Your objective:
Where a picture appears, leave it out, and transcribe all the lines below exactly.

*** Records supplied

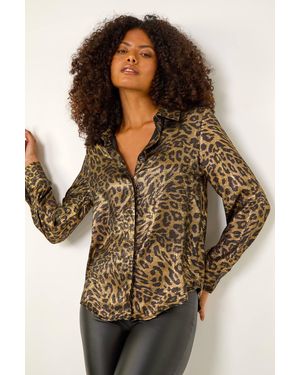 D.u.s.k Animal Print Foil Blouse - Brown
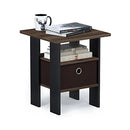 FURINNO ANDREY END TABLE SIDE NIGHT STAND BEDSIDE WITH BIN DRAWER - WALNUT/BROWN - Like New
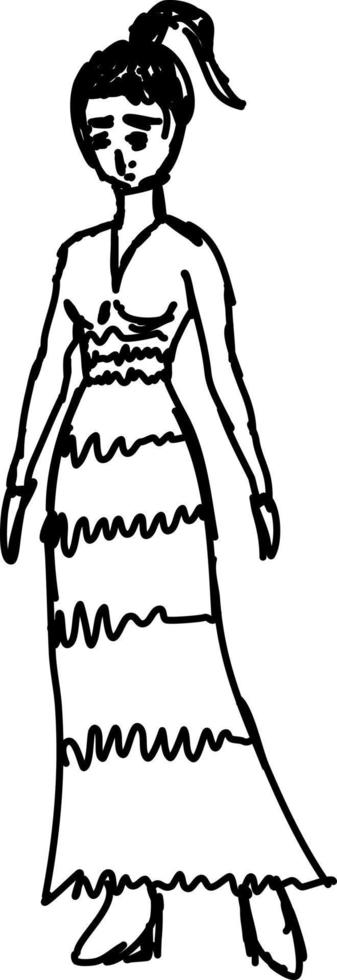 Mädchen im langen Kleid, Illustration, Vektor auf weißem Hintergrund.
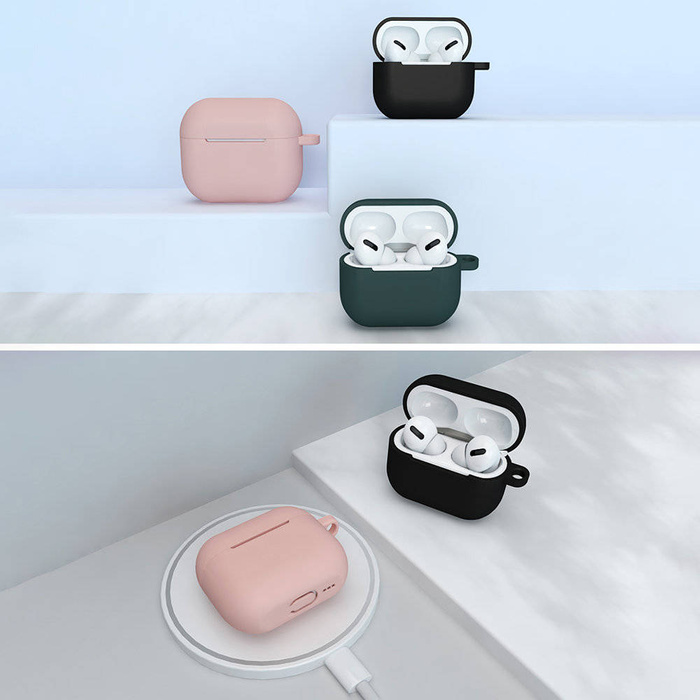 Etui do AirPods 3 silikonowy miękki pokrowiec na słuchawki + brelok karabińczyk zawieszka czarny (case D)
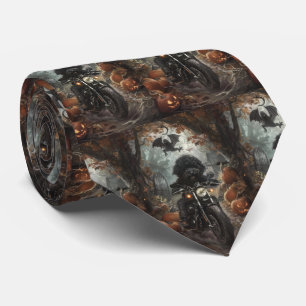 Bernedoodle Riding Motorcycle Halloween Scary Tie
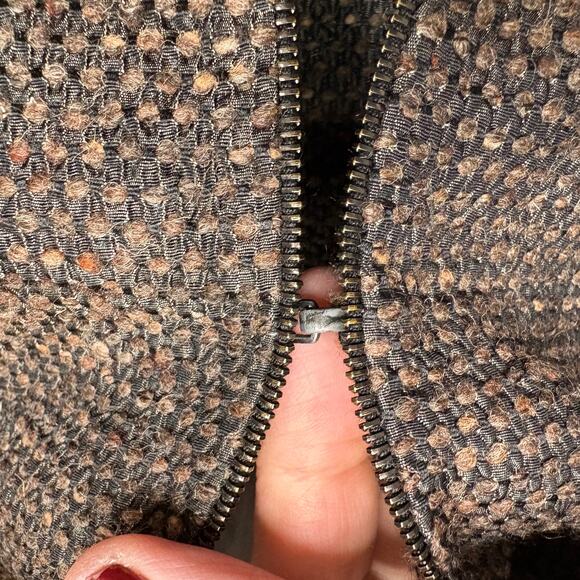 Akris Size 10 Blazer Jacket Wool Silk Blend Zipper Detail Tweed Fall Winter - Picture 8 of 16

******

Solution to this problem:
 D.u.s.k Animal Print Foil Blouse - Brown
 FURINNO ANDREY END TABLE SIDE NIGHT STAND BEDSIDE WITH BIN DRAWER - WALNUT/BROWN - Like New
 Mädchen im langen Kleid, Illustration, Vektor auf weißem Hintergrund.
 Etui do AirPods 3 silikonowy miękki pokrowiec na słuchawki + brelok karabińczyk zawieszka czarny (case D)
 Bernedoodle Riding Motorcycle Halloween Scary Tie
 Akris Size 10 Blazer Jacket Wool Silk Blend Zipper Detail Tweed Fall Winter - Picture 8 of 16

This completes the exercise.